◆ Given data:
──────
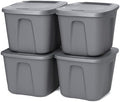 HOMZ 4-Pack Durable Molded Bin, Plastic Storage Containers w/Lids, 10 Gallon, Silver - Stackable Organizer Totes and Boxes for Bedroom, Kitchen, and Garage Organization by Homz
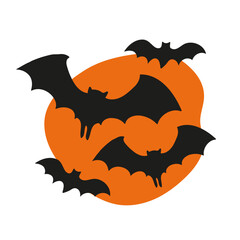 Flying bats black silhouettes with orange freeform spot. Modern Halloween design. Traditional autumn holiday decorative element for print, t shirt, stickers, invitations, greeting cards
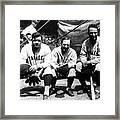 Miller Huggins, Lou Gehrig, And Babe Ruth Framed Print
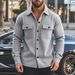 Spring Autumn European And American Cross-Border Casual Men's Fleece-Lined Turn-Down Collar Single-Breasted Solid_mkmklike.com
──────
◆ Activity: Repeat the material above exactly. Leave every picture out of it.

◆ Result:
 HOMZ 4-Pack Durable Molded Bin, Plastic Storage Containers w/Lids, 10 Gallon, Silver - Stackable Organizer Totes and Boxes for Bedroom, Kitchen, and Garage Organization by Homz
 Flying bats black silhouettes with orange freeform spot. Modern Halloween design. Traditional autumn holiday decorative element for print, t shirt, stickers, invitations, greeting cards
 Miller Huggins, Lou Gehrig, And Babe Ruth Framed Print
 Spring Autumn European And American Cross-Border Casual Men's Fleece-Lined Turn-Down Collar Single-Breasted Solid_mkmklike.com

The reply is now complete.